The government hopes to address this by encouraging apprenticeships across the country and in every sector of the economy. This week, two ministers and the head of the civil service gathered to announced with some fanfare that Whitehall will itself take on apprentices. One has already been appointed to the staff of skills secretary John Denham; the work involves replying to letters from the public and MPs, and helping to organise visits around the country. Others will work in management, business administration, customer service, IT, catering and accountancy.
But is the government doing too little, too late? And is the ministers' new obsession with “qualification outcomes” itself at risk of damaging quality?
Some say it is. A new study, funded by Economic and Social Research Council, says that apprenticeships risk being just another scheme for meeting government targets – for cramming people into jobs or securing ever-more paper qualifications – rather than genuinely helping to train skilled workers for real jobs.
Professors Alison Fuller of Southampton University and Lorna Unwin of the Institute for Education argue that the best apprenticeships offer dual status – as both hands-on worker and college student, not just one or the other. This is certainly what apprentices enjoy at Anderson & Sheppard, as I see for myself when I meet a pair of students on day release from Newham College, hand stitching many hundreds of the 20,000 hand-stitches that go into each jacket.
“Nice work!” says Mr Hitchcock. Out of earshot, he confides that they will be given the collars they’re working on to take home and show their parents. “It would be unkind to put them in the bin in front of them.”
The relationship between Anderson & Sheppard and Newham College is working well because both sides have taken care to iron out difficulties, such as reducing the amount of paperwork Mr Hitchcock had to assess and making the course more practical.
But not every apprenticeship is equally successful. And the main reason is this, the professors say: in 2006, the government decided to remove a fundamental principle of modern apprenticeships, introduced by the Tories in 1993 – that apprentices should have off-the-job training. This could eliminate the time-consuming to-and-fro between college and employer, and rapidly increas throughput– after all, the government wants to guarantee apprenticeships to ever qualified school leaver by 2013. But the result may be that apprenticeships become worthless.

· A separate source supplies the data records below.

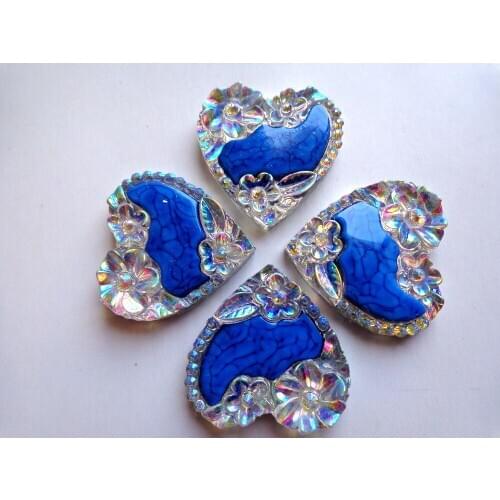 New fashion style sew on rhinestones heart shape 25*25mm flatback clear AB colour/deep blue handsewing gem stones crystal 20PCS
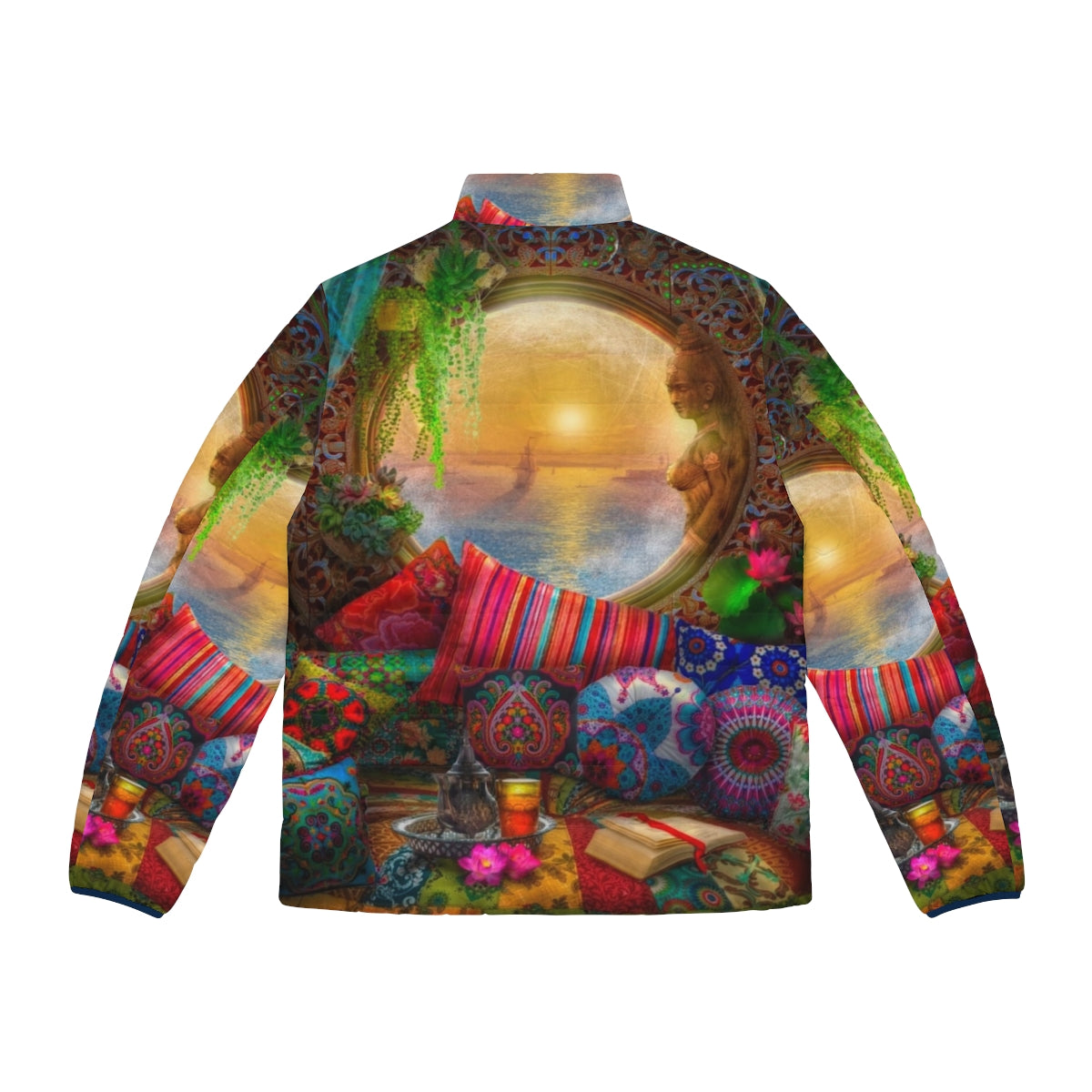 Oasis Puffer Jacket in a bohemian-inspired design - Back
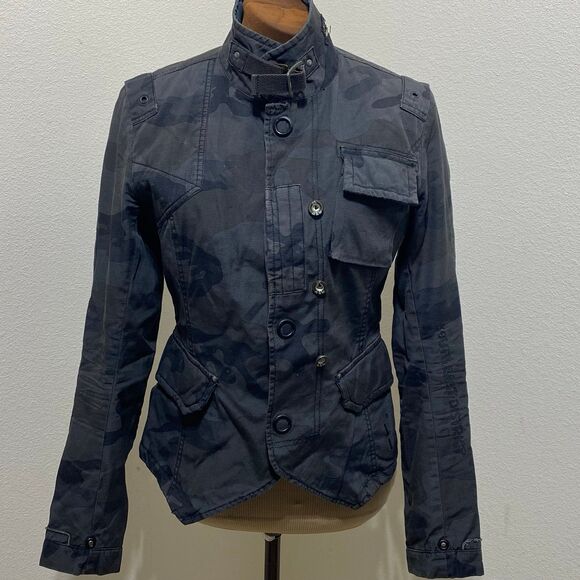 G-Star Raw Military Camo Black/Grey Jacket Women's Size Small - Picture 1 of 12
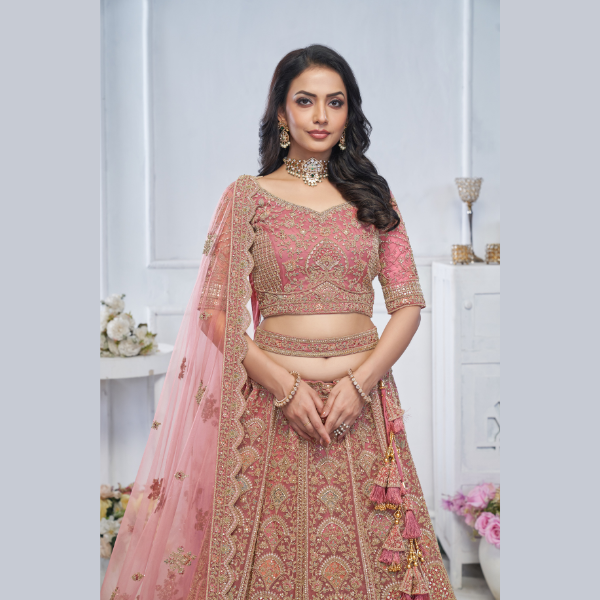 Pastel Onion Embroidered Bridal lehenga | Ready To Wear |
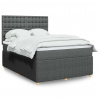 Box spring postel s matrací tmavě šedá 140x200 cm textil Šedá 3294394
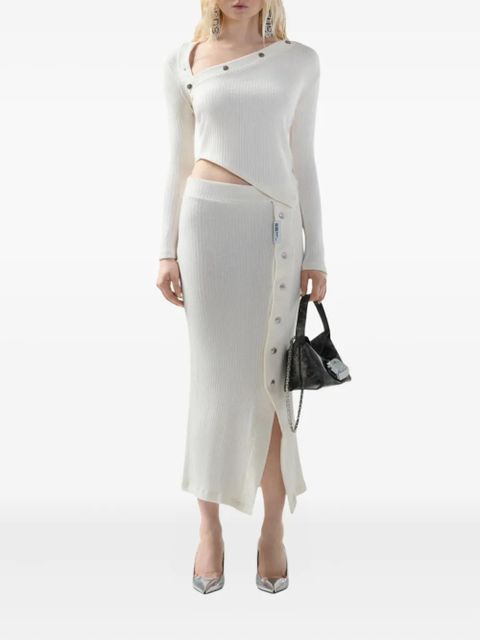 GCDS ribbed-button long-sleeved top - White - zdjęcie produktu nr 2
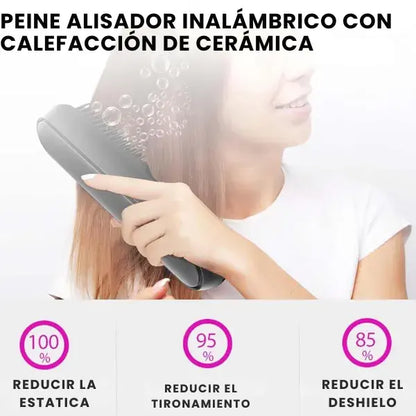 Peine inalámbrico calefacción de cerámica | Alisa y elimina el frizz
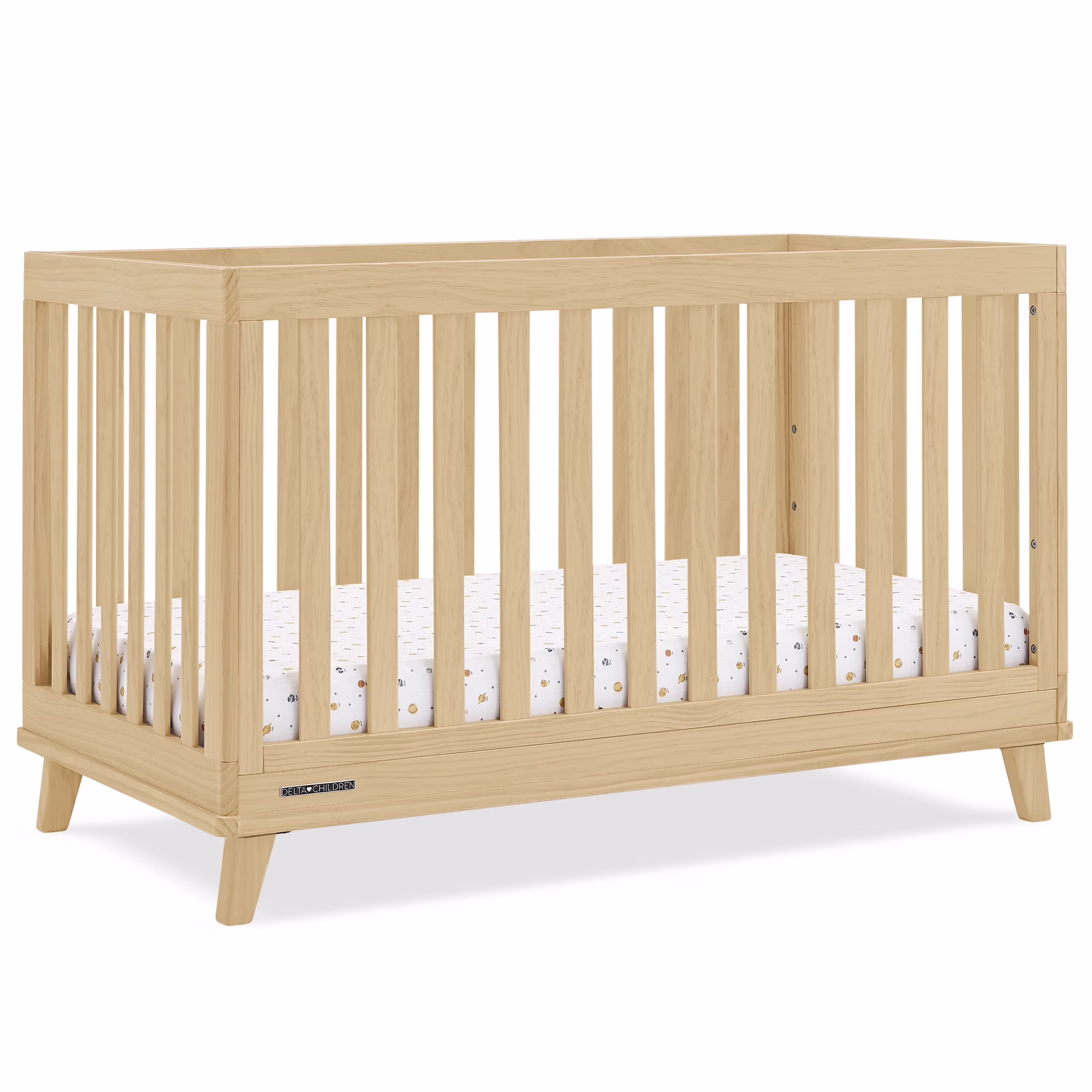 Delta Children Frankie 4-in-1 Convertible Crib - Greenguard Gold Certified, Black with Natural - Image 3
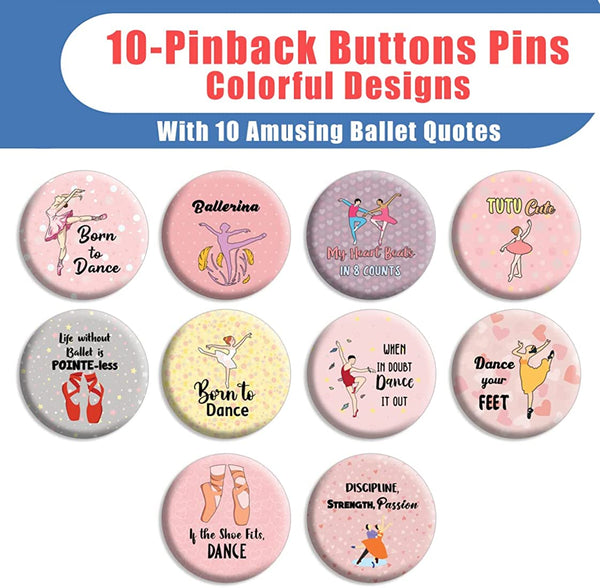 Creanoso Ballet Pin buttons (1 X 10 Designs) - Stocking Stuffers Premium Quality Gift Ideas for Children, Teens, & Adults - Corporate Giveaways & Party Favors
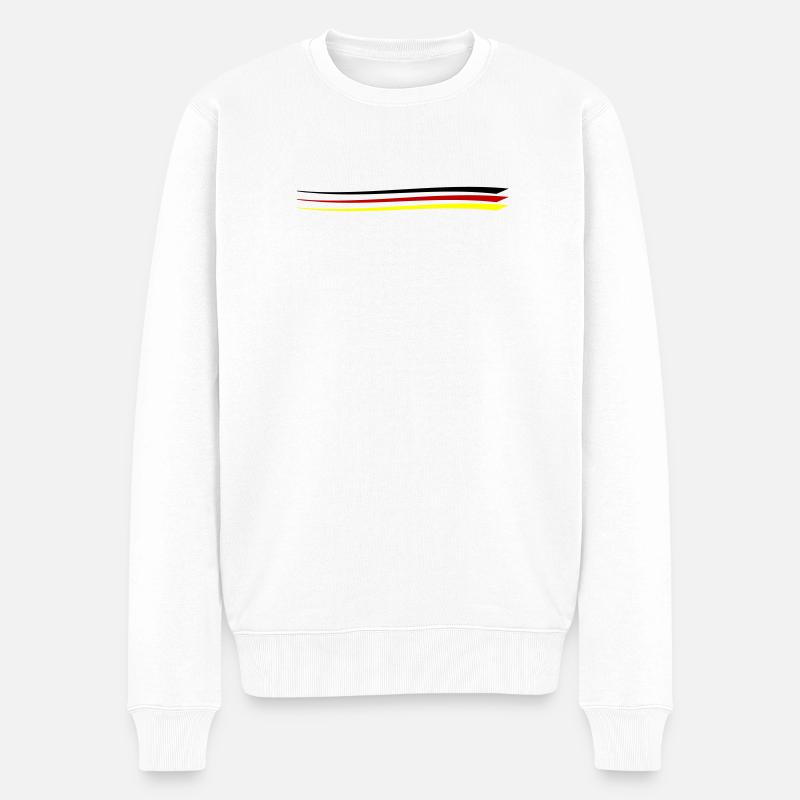 Deutschland Team Linie Fahne - Männer Premium Bio Pullover - Weiß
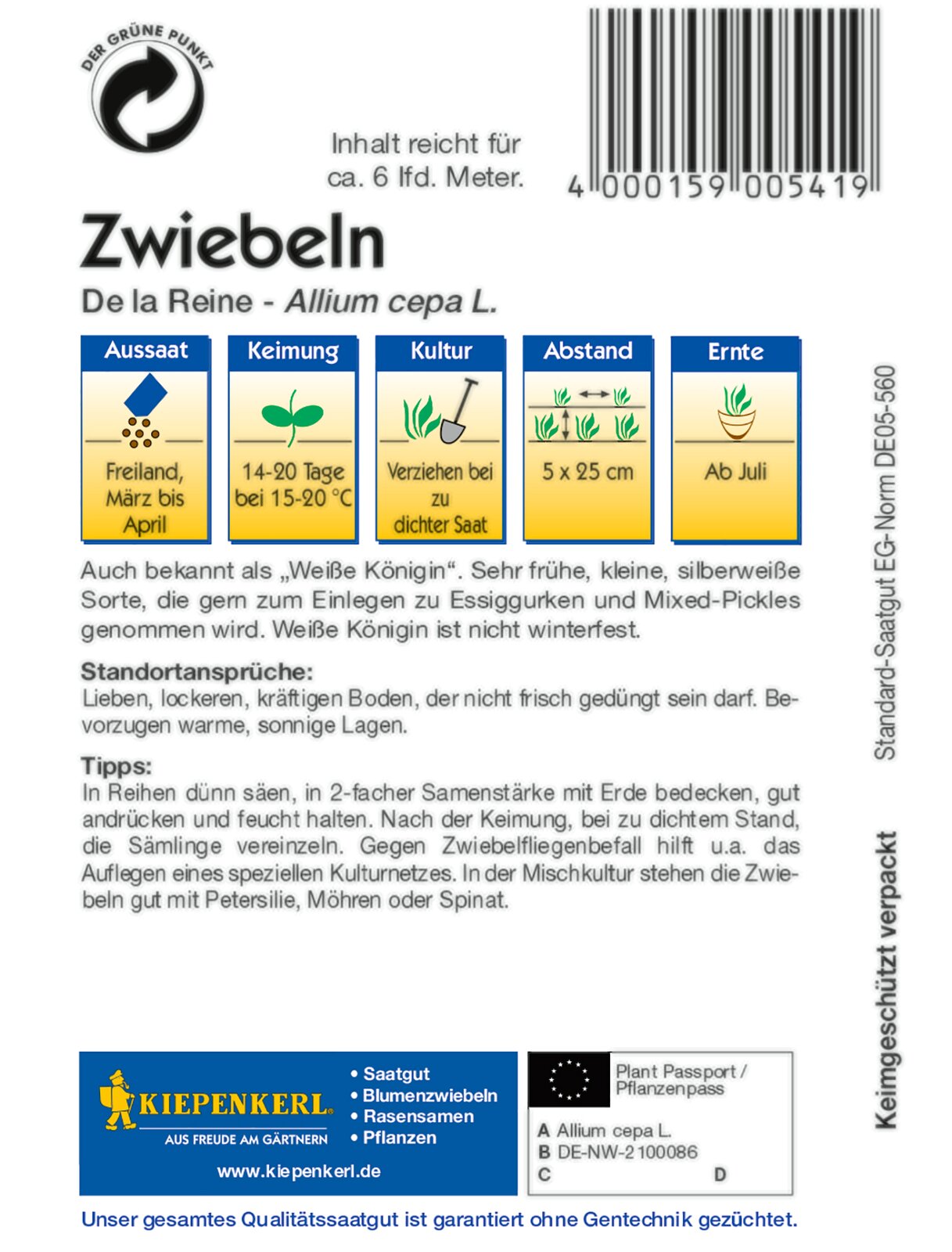 Zwiebelsamen De la Reine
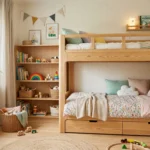 modern kids bedroom with a 160x70 bunk bed made of natural wood, minimalist Scandinav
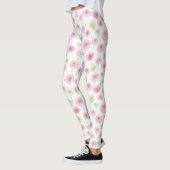 Roze Mint Bloemige Ranunculus   Leggings (Links)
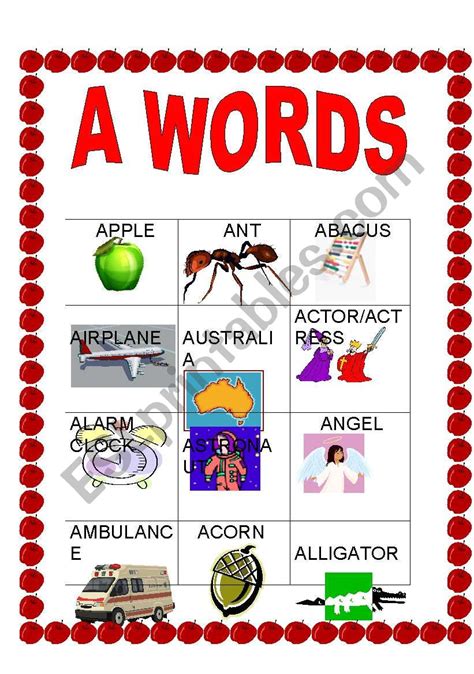 alphabet words  pictures learning  english alphabet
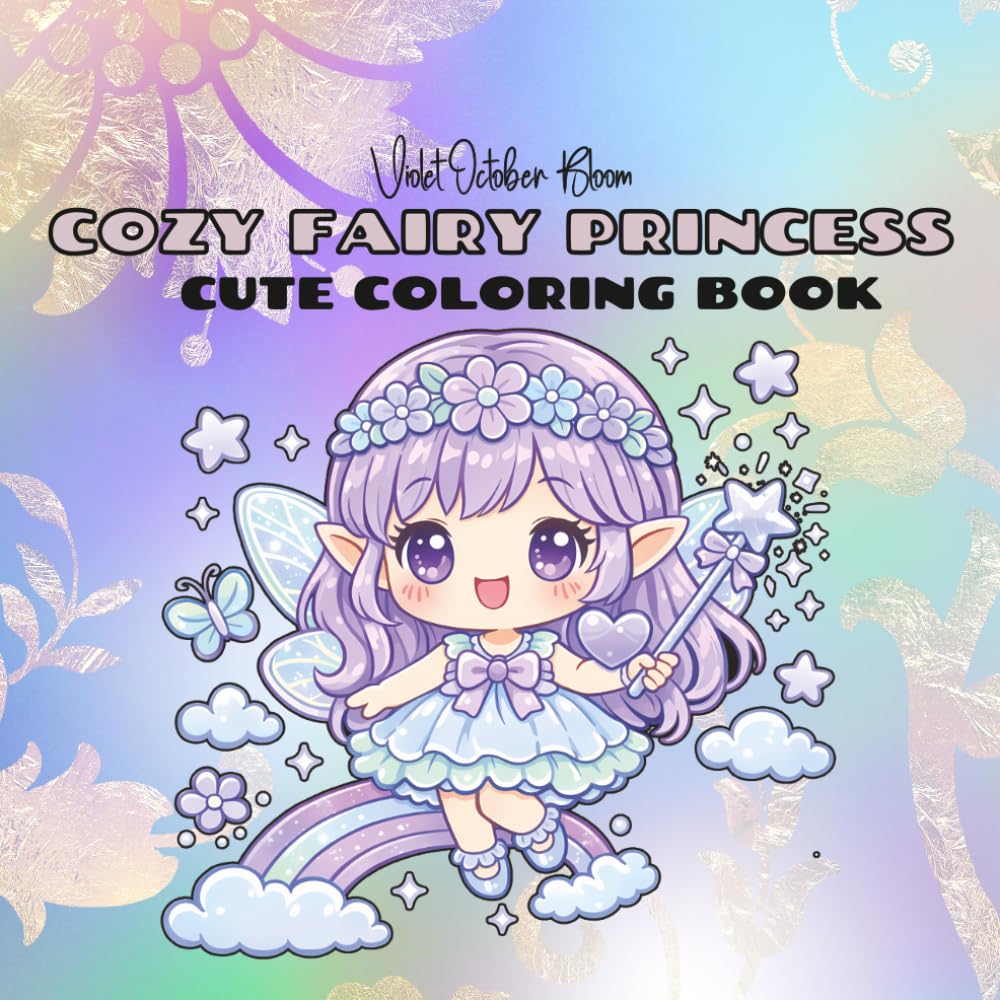 Cute & Comfy Fairy Princess Coloring Book: Whimsical Pastel Adventures for Relaxation and Creativity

Does this matter? Unlike terrorism, flooding, MRSA and economic meltdown, Britain’s skills shortage does not typically make the heart pound and the eyeballs swell. But just consider how, over recent years, we have methodically rendered ourselves incapable.
Since the economic collapse of the 1980s, many once-thriving industries have offloaded the work overseas. As a result, few young people in Britain have skills that were once taken for granted — such as the ability to clothes. Tailoring, as carried out at Anderson & Sheppard, is a special case; most of the rest of the rag trade has vanished.
Of course, some jobs can't be exported: even the best plumber in India is no use if your loo happens to leak in Britain. But many UK-based skilled manual jobs have been filled in recent years by a million or so Poles and other “new” Europeans. Now a lot of them are returning home, thanks to the collapsing pound. Can Brits fill the gap? Not necessarily, because rather than encourage people into vocational learning, the government has spent a decade promoting university education — promising that graduates can expect to earn zillions as a result of having a degree.
Which turns out – big surprise – to be an exaggeration. Over the past decade, British students have amassed an astonishing £27bn mountain of debt – as much as £37,000 each. Many, after a decade in work, aren’t yet earning £15,000 a year – the threshold at which they start to pay back student loans. As one recent graduate complains on an internet discussion board: “If I could go back to when I was a teen, I would almost definitely do a trade of some description. I have a degree now but one of my biggest regrets is never doing a trade – my brother is a spark [electrician] and rakes it in.”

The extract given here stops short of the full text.